Um destes dois miúdos pretensiosos, que não teria mais de vinte e cinco anos, enfiou a nossa chave no bolso, enquanto dava as suas ordens. Andor devia acompanhar um deles na busca a dois dos quartos, enquanto eu iria aos outros dois com o segundo rapaz. Num dos quartos, estava a mãe Gizi com o bebé László ao colo e, no outro, Rozann. Ela estava a pintar com as aguarelas e, embora sem parar, não perdeu o homem de vista. Ainda hoje é capaz de descrever todos os detalhes da busca.

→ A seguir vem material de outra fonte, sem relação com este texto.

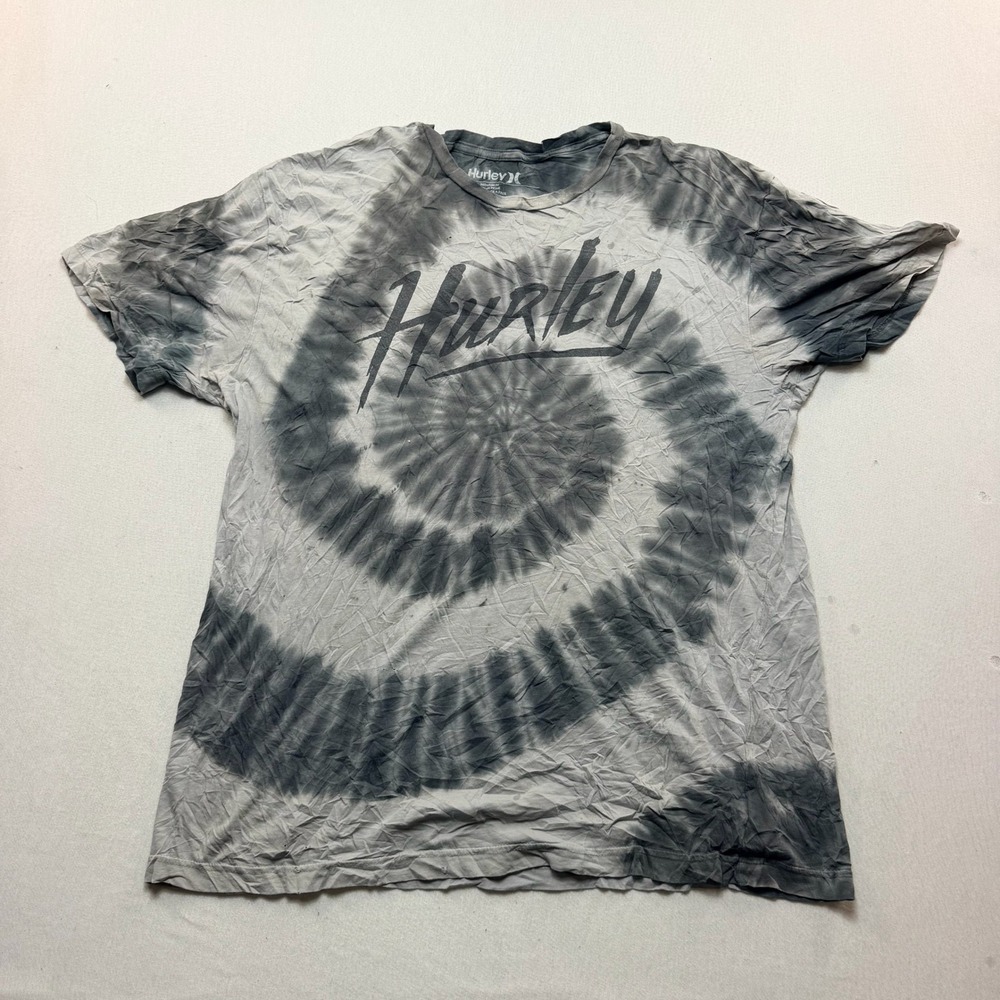 Hurley Graphic T-Shirt Mens Extra Large Grey Fair Tie Dye Premium Fit Tee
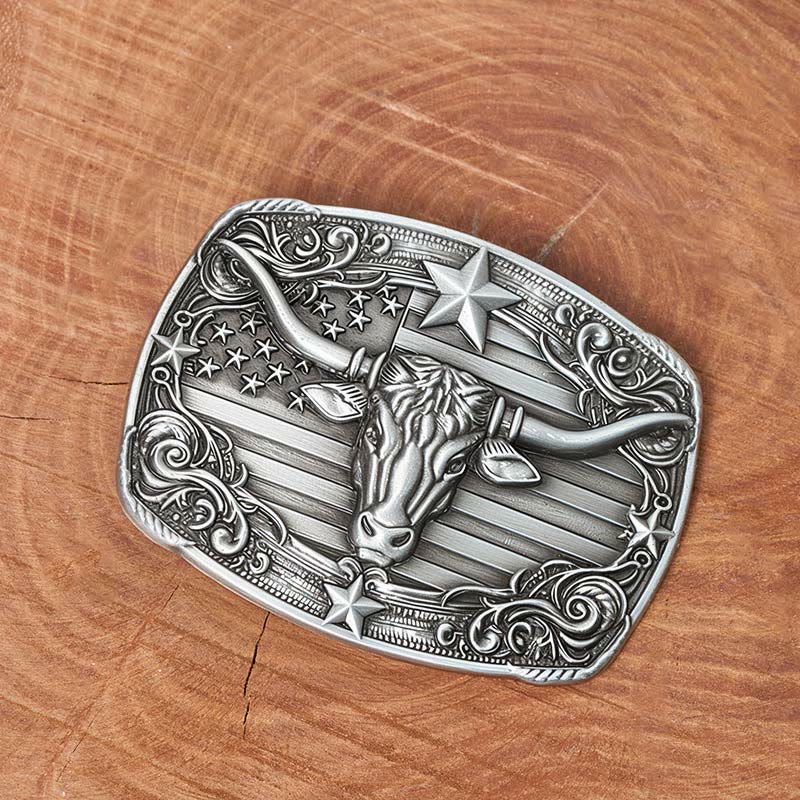 Herren-Ledergürtel im Vintage-Stil mit Sternenstreifen, Flaggenmotiv und Longhorn-Bullenmotiv, Schnalle - image 1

Não houve um móvel que não fosse despejado e escrutinado. Não faço a menor ideia do que procuravam. Despejaram também a escrivaninha e insistiram que traduzisse algumas das cartas.

- De quem são estas cartas? - perguntaram.

- Do Tom, do Dick e do Harry - respondi-lhes. A minha resposta pareceu-lhes bastante suspeita.

Entre a minha correspondência estava um cartão de boas festas mandado pela rainha Ingrid da Suécia, nessa altura a princesa herdeira do trono. O cartão tinha a coroa real da Suécia.

- Que quer isto dizer? - perguntou.

Tentei explicar-lhe, mas os sorrisos não produziram qualquer efeito. Furioso, gritou-me:

- Julga que sou parvo, ou quê? Não vim aqui para ser gozado! - Posto o que enfiou o cartão na algibeira. Coitado, deve ter sido esta a primeira e última mensagem de uma princesa em que pôs os olhos...

Andor e o seu galfarro já tinham terminado a visita guiada aos dois quartos. Eu ainda estava na sala e calculei que Andor devia estar, agora, na casa de banho. Fiquei em pânico! Era no armário dos medicamentos, escondidos dentro de tubos de comprimidos, que eu tinha posto os nossos dólares! Nessa altura, a posse de moeda estrangeira era punida com a pena de morte! Exactamente, pena de morte.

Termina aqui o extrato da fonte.